More importantly, George got ahold of some of us and helped write up a leaflet calling a meeting to organize a Rank & File Committee. We had a packed room, of mostly young folks, and when we left the room, we had a Rank & File Committee.

The interesting thing, and I think certainly applicable today, is that the “perfect issue” to organize that movement was not at all any of the big ideas we had, it was what the workers wanted to fight about. The important thing that we found was that the most important issue always was what the workers were concerned about. If you were there to help folks out when they needed help, if you’re there with others and bring all our power united to the issue, workers will turn back there when the next issue, and the next one, come up.

As well, from this insignificant little group of steelworkers, developed a multi-racial movement of workers that fought, helped win transfer rights then denied African American workers, right to vote on our contracts, more reps of color, women, and overall, a fighting union that proudly stood for the principles that the SWOC fought for in the first place.

But, before I end this, I do think readers would appreciate one other, related little story.

As that Rank & File movement grew, new committees were set up, expanded, at other mills.
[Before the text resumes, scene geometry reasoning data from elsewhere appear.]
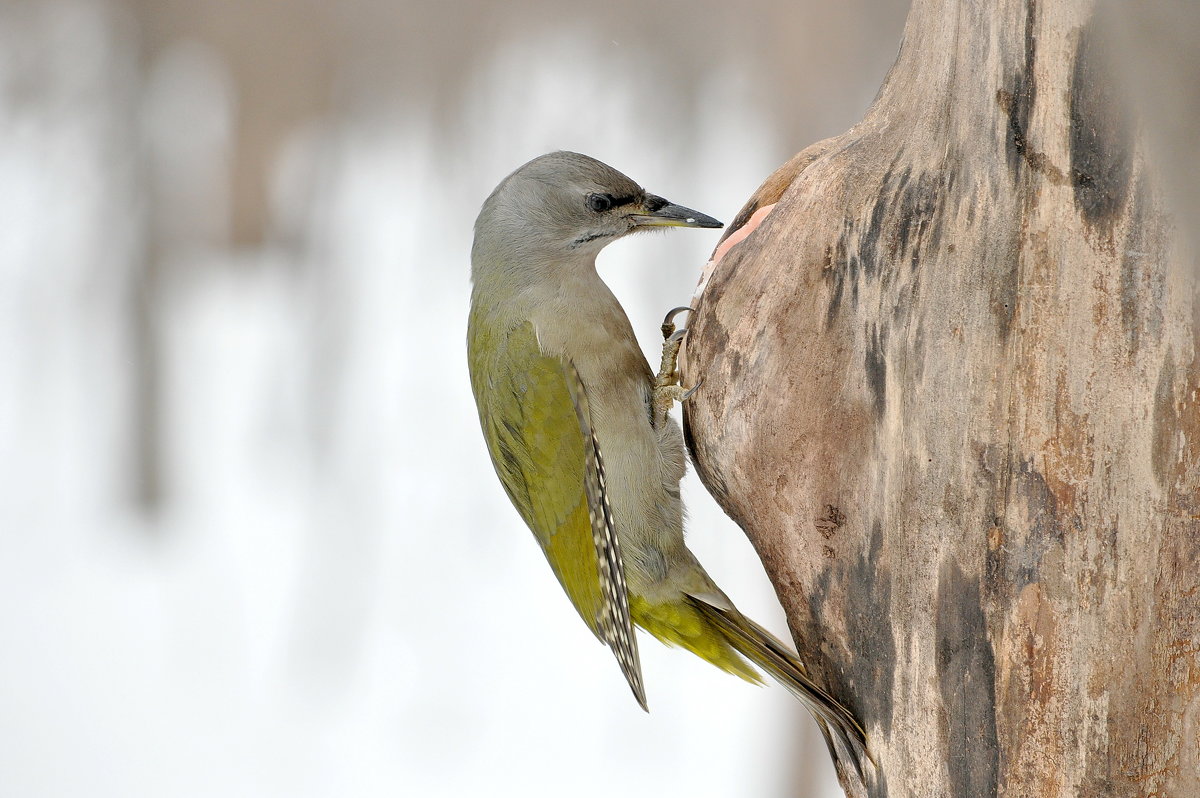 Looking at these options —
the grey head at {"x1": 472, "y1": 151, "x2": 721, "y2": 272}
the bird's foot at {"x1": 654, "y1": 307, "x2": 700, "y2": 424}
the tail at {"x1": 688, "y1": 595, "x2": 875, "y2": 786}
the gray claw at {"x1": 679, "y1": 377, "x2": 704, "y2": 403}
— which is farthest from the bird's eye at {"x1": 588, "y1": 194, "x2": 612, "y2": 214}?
the tail at {"x1": 688, "y1": 595, "x2": 875, "y2": 786}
At the big Burns Harbor mill, one such committee emerged, with future USW local 6787 president Paul Kaczocha as one of their leaders. At a regional meeting of Rank & File folks in Cleveland, Paul, who was also a machinist brought up that they had some new asshole boss that he heard was from Lorain that was harassing everyone. You guessed it, same guy!

Well, we had a bunch of leftover “George Edwards for President” stickers from the first election the Lorain group had run in. Got those to Paul. The next time we saw him, he laughed like hell.

“You wouldn’t believe it,” he said. “Got the stickers to everyone, every worker in the shop, and when the boss came out for the morning meeting, he opened his mouth, said nothing, shut it and turned around and went back into the office.”

The arm of working-class solidarity is a long one!